The film begins with an abstract shot of lights moving across the screen to the hopeful bop of “Late in the Evening.” As the song continues, the verses describing the singer's lifelong fixation on music are animated with flashbacks. All restage moments in Paul's life, first as a small boy singing and plunking at a toy piano in his room,
*
then as a teenage greaser singing doo-wop with his friends in a tiled subway station, then as a long-haired protest singer playing at a 1968 rally for presidential candidate Eugene McCarthy. The lights on the screen are revealed as an airplane descends into the Cleveland airport, and the central action in the film picks up as Paul's character, Jonah Levin, and the four other musicians in his group move from the terminal gate to the city's famous Agora Ballroom nightclub, where they are booked to open for the rising (and real-life) new wave band the B-52s. The band goes over well, but the applause they get is no match for the shrill ovation the B-52s earn just by stepping onstage.

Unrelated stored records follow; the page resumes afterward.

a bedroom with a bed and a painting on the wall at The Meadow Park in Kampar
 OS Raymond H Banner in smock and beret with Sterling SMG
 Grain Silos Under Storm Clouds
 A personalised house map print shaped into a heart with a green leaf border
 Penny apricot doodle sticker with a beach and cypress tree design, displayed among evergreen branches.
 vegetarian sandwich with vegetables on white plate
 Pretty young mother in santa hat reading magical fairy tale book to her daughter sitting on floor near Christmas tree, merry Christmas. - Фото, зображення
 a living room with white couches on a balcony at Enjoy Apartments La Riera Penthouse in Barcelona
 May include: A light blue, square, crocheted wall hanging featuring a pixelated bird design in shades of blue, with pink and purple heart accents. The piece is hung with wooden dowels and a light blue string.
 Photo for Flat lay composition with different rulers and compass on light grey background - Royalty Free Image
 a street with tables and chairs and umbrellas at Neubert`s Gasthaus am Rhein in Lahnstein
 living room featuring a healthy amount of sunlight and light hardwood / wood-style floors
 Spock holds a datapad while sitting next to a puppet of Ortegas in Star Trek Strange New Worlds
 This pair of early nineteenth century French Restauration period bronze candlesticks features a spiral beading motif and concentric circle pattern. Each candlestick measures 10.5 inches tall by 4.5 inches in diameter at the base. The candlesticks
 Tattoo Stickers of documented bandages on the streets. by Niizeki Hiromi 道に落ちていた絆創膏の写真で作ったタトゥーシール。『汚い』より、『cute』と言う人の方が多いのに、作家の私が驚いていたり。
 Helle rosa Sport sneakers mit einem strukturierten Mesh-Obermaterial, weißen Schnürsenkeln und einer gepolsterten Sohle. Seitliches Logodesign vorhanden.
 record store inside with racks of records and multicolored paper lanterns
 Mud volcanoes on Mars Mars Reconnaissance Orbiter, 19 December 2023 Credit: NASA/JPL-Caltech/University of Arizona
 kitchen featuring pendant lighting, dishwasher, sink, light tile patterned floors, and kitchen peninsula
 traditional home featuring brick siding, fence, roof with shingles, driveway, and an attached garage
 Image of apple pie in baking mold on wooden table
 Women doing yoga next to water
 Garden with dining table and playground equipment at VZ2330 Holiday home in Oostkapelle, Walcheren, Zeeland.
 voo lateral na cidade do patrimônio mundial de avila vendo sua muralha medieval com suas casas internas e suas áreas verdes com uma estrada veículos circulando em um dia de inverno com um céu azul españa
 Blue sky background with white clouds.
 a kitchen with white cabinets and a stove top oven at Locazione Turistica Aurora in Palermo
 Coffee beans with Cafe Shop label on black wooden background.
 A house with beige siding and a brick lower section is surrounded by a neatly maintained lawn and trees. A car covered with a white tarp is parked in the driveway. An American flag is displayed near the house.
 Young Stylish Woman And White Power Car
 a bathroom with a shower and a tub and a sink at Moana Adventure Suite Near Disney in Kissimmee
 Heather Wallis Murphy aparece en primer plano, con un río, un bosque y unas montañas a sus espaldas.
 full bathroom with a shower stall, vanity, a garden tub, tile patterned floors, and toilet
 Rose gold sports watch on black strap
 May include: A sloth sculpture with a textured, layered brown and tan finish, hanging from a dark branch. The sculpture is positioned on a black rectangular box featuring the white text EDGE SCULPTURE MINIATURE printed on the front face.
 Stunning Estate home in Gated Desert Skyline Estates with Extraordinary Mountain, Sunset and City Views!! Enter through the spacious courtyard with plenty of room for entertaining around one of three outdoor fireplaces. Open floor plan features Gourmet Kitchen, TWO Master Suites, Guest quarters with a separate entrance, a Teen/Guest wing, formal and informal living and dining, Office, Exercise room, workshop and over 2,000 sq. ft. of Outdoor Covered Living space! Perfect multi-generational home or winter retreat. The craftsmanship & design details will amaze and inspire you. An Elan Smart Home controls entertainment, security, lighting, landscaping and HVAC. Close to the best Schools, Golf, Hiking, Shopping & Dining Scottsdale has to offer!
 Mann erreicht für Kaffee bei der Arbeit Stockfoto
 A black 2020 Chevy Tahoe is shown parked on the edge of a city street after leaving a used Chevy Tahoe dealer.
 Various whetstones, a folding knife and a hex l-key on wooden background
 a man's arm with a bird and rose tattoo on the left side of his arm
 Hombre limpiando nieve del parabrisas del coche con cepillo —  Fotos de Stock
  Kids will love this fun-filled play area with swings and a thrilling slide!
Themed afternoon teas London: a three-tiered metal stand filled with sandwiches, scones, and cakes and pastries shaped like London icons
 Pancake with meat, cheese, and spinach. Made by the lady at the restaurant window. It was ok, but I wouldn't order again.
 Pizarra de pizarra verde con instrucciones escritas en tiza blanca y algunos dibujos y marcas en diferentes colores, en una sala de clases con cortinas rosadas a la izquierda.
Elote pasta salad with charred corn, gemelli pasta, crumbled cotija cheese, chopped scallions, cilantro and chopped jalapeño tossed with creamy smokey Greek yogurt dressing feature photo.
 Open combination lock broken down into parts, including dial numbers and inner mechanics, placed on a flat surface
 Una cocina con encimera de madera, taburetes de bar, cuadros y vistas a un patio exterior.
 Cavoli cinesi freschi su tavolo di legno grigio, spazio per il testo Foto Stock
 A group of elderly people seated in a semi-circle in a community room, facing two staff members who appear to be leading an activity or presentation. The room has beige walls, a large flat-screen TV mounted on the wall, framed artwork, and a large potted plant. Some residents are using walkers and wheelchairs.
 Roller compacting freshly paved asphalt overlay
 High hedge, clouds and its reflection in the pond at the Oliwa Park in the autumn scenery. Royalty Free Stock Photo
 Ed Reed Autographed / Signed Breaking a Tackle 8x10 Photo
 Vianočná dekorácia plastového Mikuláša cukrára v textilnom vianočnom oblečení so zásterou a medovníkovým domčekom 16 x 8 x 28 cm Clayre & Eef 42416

The band members drive from city to city to fulfill their gigs, but it's clear that the group, like the live music industry, is faltering. When a handful of shows get canceled, Jonah returns to New York to see his son, Matty, while also reconnecting with his not-quite-ex-wife Marion. She loves him but can no longer abide his life as a musician. They clearly love each other, and Jonah is just as clearly a warm and loving father to their five-year-old son, but his fixation on his career overwhelms everything else. When he learns that Walter Fox, the president of a large record label, is interested in signing him to make a new album, he makes tracks for Fox's office suite, where he finds the clearly Yetnikovian executive (“Fox” is the English translation of Yetnikoff's Yiddish nickname, Velvel) consulting with the unsubtly named Cal Van Damp, a dim but enormously successful commercial radio consultant.
†
Fox tells the musician that he'd be willing to pay for him to make a comeback album, but only if it's filled with songs slick and danceable enough to become hits. Given no alternatives, Jonah agrees, though the rest of the scene exists entirely to reveal how craven Fox, Van Damp, and the commercial music industry they represent have become.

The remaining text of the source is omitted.